= Wiville, Arkansas =

Populated place in Arkansas, US

Wiville is a populated place in Woodruff County, Arkansas, about 8 miles south of McCrory, 11 miles southeast of Augusta, and 9 miles north of Cotton Plant. It is located along Arkansas Highway 17.

==History==
At one time the location, then known as Coats, Arkansas, became a transportation crossroads. The Batesville and Brinkley Railroad built through around 1882. Sometime later, a railroad called the Augusta and Southeastern Railway built a 6-mile connecting line out of Coats to Gregory, Arkansas, on its west. When the Batesville and Brinkley became the White and Black River Valley Railway in 1890, it bought the Augusta and Southeastern and kept operating both lines.

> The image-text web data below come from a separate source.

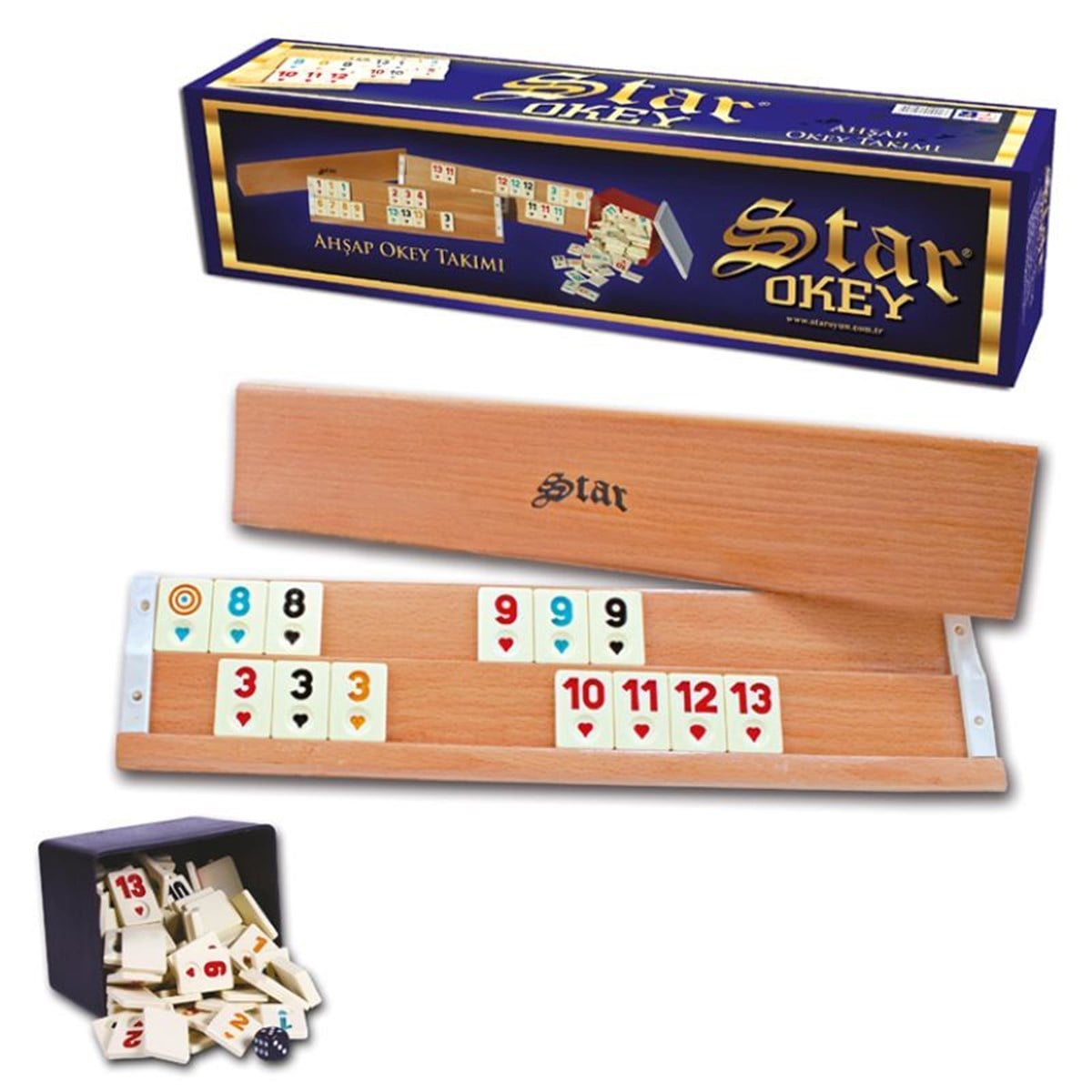 STAR AHŞAP OKEY TAKIMI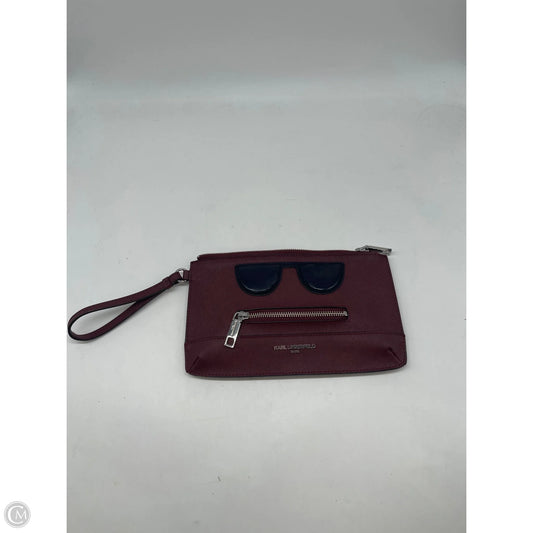 Wristlet Designer By Karl Lagerfeld, Size: Large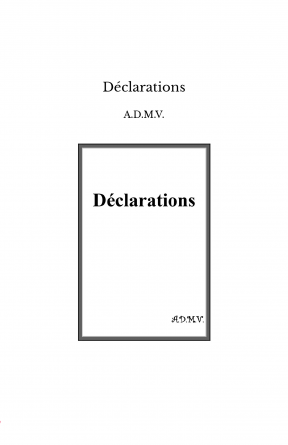 Déclarations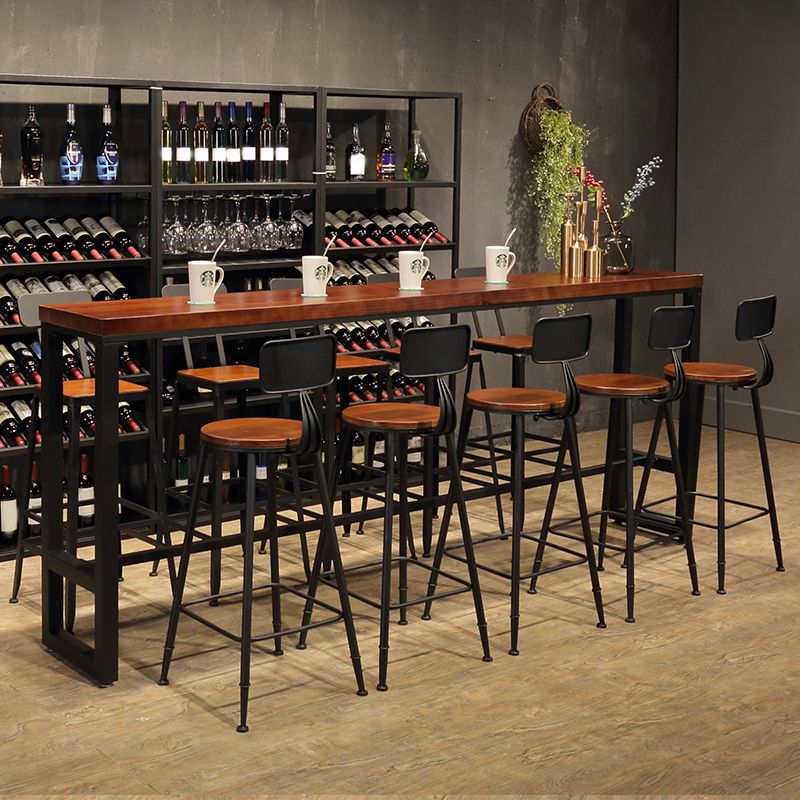 1/6/11 Pieces Counter Height Pub Set Rectangular Bar Stool and Table Set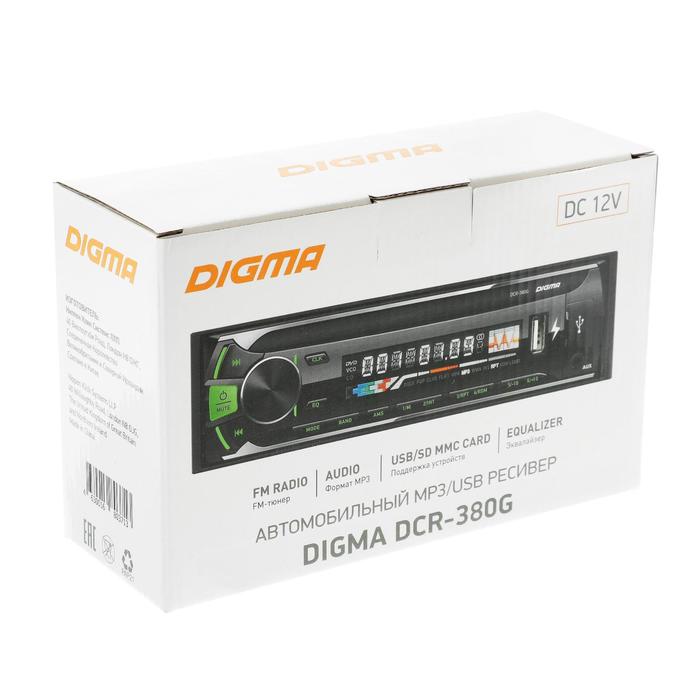Автомагнитола Digma DCR-380G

The town became known as Wiville sometime between 1894 and 1898, purportedly because the community had become so famous for being the location of the "Y" branch in the railroad line. By 1904, the line was operated under lease by the Chicago, Rock Island and Pacific Railway ("Rock Island"). The line remained a separate part of the Rock Island until abandoned in pieces, with Wiville to Gregory done in 1934, and the remaining Brinkley to Newport portion through Wiville done in 1941.

As of 2000, the locale was an agricultural area for cotton, rice, soybeans, wheat and fish. It had about 10 residents and 4 houses.